Dear Calcite devs,
First of all I really appreciate having a mature framework like Calcite.
Please continue your great work on this project!
My use case is feeding Calcite (v1.35.0) with an SQL query and doing
some optimizations by providing metadata and selected planner rules. I
initialize the Volcano planner and convert the logical plan resulting
from the sql to a physical plan (using bindable convention).

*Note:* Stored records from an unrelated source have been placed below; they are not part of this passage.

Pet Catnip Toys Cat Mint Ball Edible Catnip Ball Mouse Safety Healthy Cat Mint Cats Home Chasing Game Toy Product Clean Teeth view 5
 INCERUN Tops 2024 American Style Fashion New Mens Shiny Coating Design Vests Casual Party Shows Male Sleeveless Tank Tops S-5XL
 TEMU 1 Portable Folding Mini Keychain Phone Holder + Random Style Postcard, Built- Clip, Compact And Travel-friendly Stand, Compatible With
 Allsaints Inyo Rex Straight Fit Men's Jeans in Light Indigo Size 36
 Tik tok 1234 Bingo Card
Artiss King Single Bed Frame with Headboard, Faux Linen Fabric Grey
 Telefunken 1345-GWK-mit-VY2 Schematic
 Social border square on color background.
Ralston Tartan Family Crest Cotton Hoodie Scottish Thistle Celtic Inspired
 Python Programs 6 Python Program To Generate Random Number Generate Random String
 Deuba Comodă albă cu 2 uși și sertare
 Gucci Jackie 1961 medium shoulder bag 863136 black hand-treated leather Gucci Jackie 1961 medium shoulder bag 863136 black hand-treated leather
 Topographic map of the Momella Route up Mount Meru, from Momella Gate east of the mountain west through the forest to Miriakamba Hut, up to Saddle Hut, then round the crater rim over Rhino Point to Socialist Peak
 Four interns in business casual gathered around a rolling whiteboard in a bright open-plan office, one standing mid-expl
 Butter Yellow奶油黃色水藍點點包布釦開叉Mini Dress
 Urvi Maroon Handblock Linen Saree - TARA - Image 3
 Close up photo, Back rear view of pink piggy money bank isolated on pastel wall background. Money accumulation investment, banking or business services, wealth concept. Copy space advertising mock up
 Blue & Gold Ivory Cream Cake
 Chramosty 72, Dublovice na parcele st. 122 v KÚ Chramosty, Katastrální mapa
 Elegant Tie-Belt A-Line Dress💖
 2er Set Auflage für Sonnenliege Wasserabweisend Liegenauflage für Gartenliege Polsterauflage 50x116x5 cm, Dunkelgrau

After the optimization, I convert the physical plan back to sql --
hoping its execution time is faster (running the query by a PostgreSQL
server) than the original query.
There are some aspects I don't understand regarding both the cost
calculation and cost propagation of (Rel) Subsets in the tree-based plan
representation generated by RuleMatchVisualizer.
AFAIK Subsets don't have any costs [1], so I'm really confused why
(cumulative) `cpu` is higher in the subset than it is in its child
elements (BindableJoin and BindableFilter), see [2]. In addition to that
the cost metric `rows` is smaller(!) than the values provided by the
children.
What I expect is that Subset has exactly the same `rows`, `cpu` (and
`io`) of the selected (purple) child element.
Having a look at this sub tree [3] the cost propagation works like expected.
Besides that I already noticed that Calcite costs seem to have an upper
bound (9.223372036854775807E18) where costs can't get any higher in sub
trees where this value is reached in an (physical operator) element.
I know it's hard to tell what Calcite actually does just using
screenshots. Please let me know if I should provide e.g., my code for
giving better insights.
Thank you in advance for your reply!
[1]:
https://github.com/apache/calcite/blob/c4042a34ef054b89cec1c47fefcbc8689bad55be/core/src/main/java/org/apache/calcite/plan/volcano/RelSubset.java#L254
[2]: https://ibb.co/7jtXKH3
[3]: https://ibb.co/5BZZyLz
Best regards,
Tony